The Mexican economy is expected to have decelerated in the second quarter of 2016. Industrial production in June grew 0.6 percent year-on-year. Meanwhile, trade numbers came in weak in the month. However, a possible surprise on the upside in retail sales might suggest that the Mexican economic activity grew 2.1 percent year-on-year and 0.7 percent sequentially in June, said Societe Generale in a research report.
“On our forecast, therefore, the economy likely grew by 2.4 percent yoy in 2Q (-0.4 percent qoq on a seasonally adjusted basis)”, added Societe Generale.
These numbers are largely consistent with the preliminary second quarter GDP releases that indicated the Mexican economy shrinking for the first time on sequential basis since the first half of 2013. Furthermore, depending on the composition of demand, the second quarter moderation is seen as a risk on the downside to the 2016 growth projection of 2.6 percent, stated Societe Generale.
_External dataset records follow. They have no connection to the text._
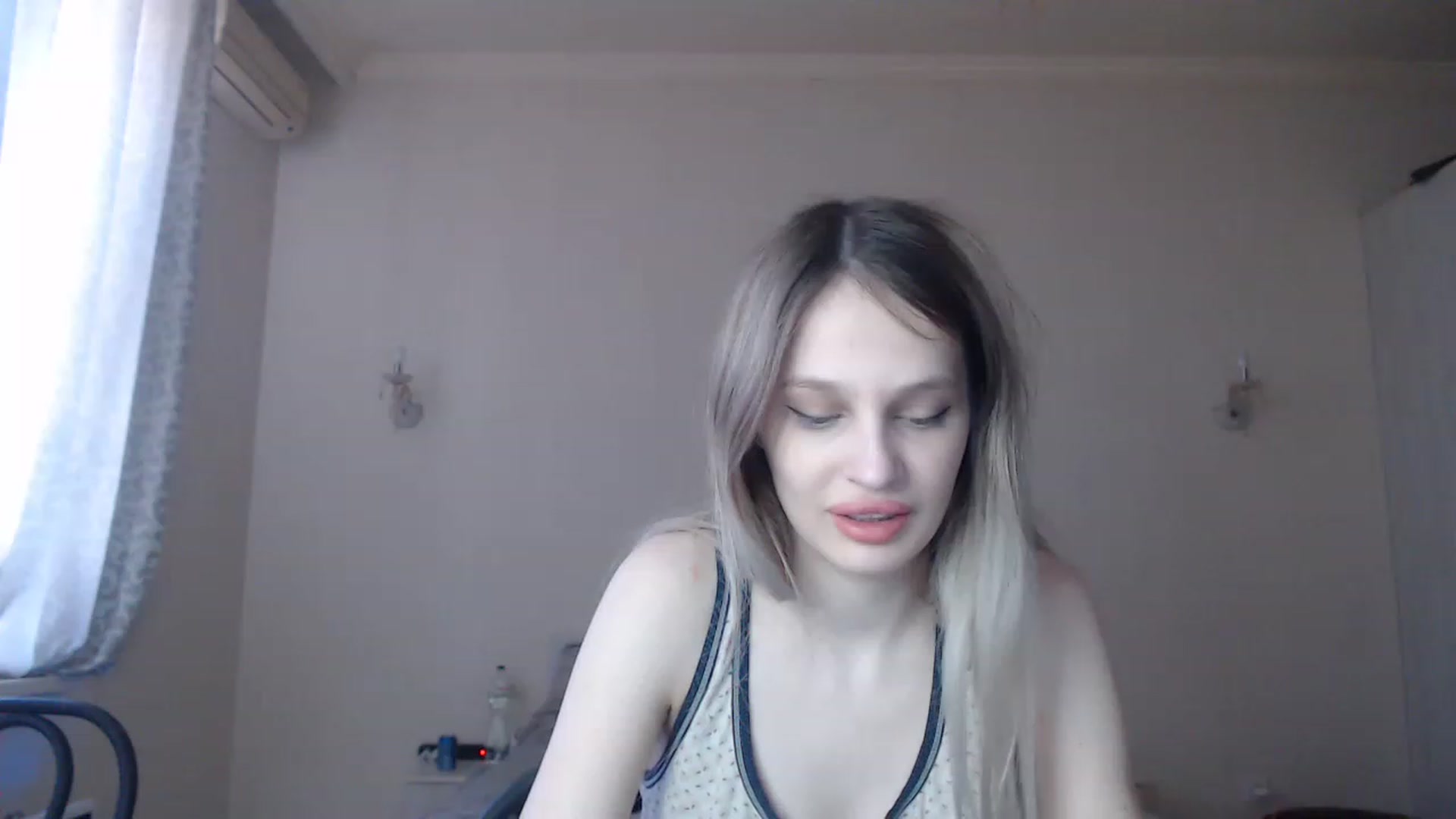 Gallery image thumbnail from Lola_vi's myfreecams stream on, 03/04/2023, 11:39 image 10 of 20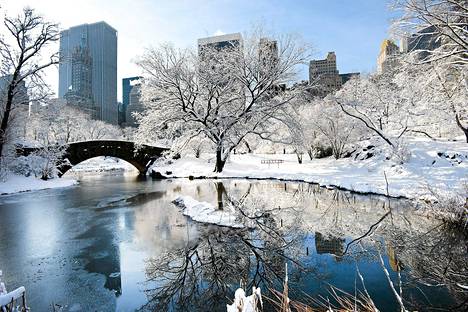 Näkymä Manhattanille New Yorkin Central Parkista helmikuun alussa, jolloin kylmä rintama levisi Yhdysvaltain itäosien ylle. 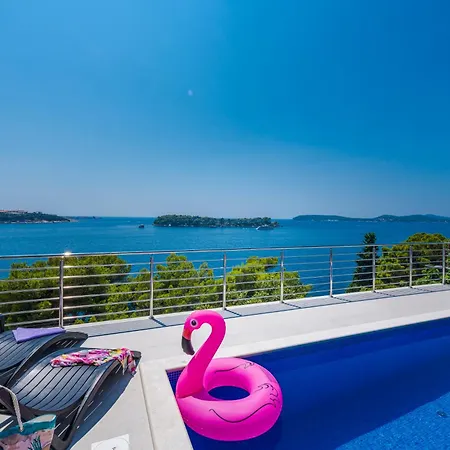 Διαμέρισμα Pool Deck Comfort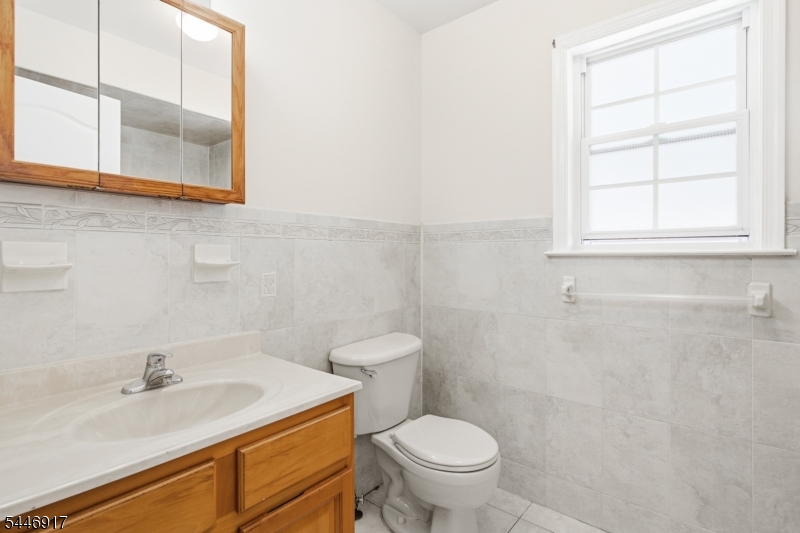 17 Chester Ave Property Photo 19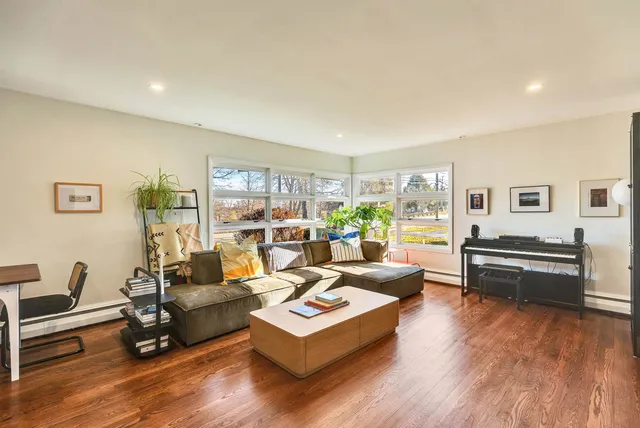 $1,200,000 | 49 Sagamore Avenue, Portsmouth, NH 03801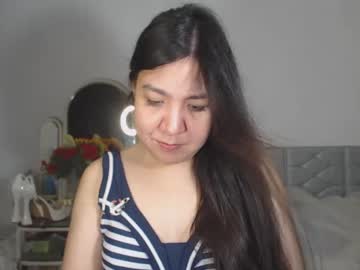 Stellahugets Chaturbate stream image from June 25, 2025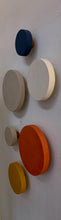 Ladda upp bild till gallerivisning, K prick, Smart Form Sweden, Robert Bengtsson, karaktär, känsla, kork, eK, kulör, kalk, cirKulär, hängare, väggdekor, ljudabsorbent, väggknopp, dörrknopp, vägginstallation, Neurodesign, taktila material, inredningsdetalj, rockhängare, förvaring
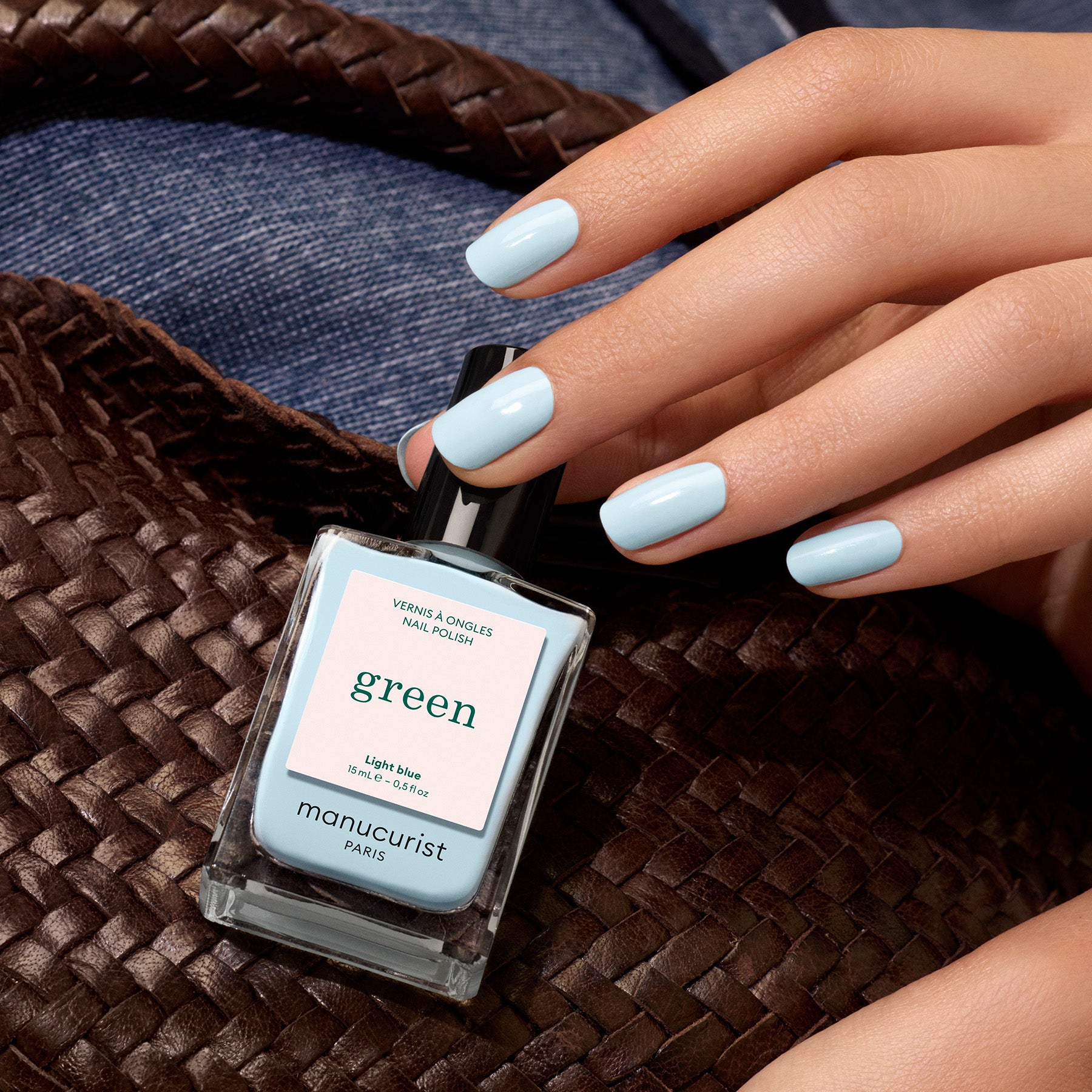 manucurist-green-light-blue-nagellack-himmelblau-pastell image 3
A deceleration in investment during this time might imply that the economy is unlikely to continue with its 2016’s pace of growth in 2017.
Even if the correlation between economic activity and industrial production has softened in recent years due to the bigger role of the service section, the medium-term growth projection still relies heavily on the manufacturing sector’s strength.
On the demand front, the economic outlook, with the exception of low-inflation-led consumption growth- is sluggish. Growth in investment is possibly moving towards a mild slowdown, as growth in export has not been able to keep pace due to declining US growth expectations for 2016.
“In sum, while the economy is still growing at its trend rate (and continues to be the most robust economy in the region), our previous optimistic expectations for growth have not fully materialised”, noted Societe Generale.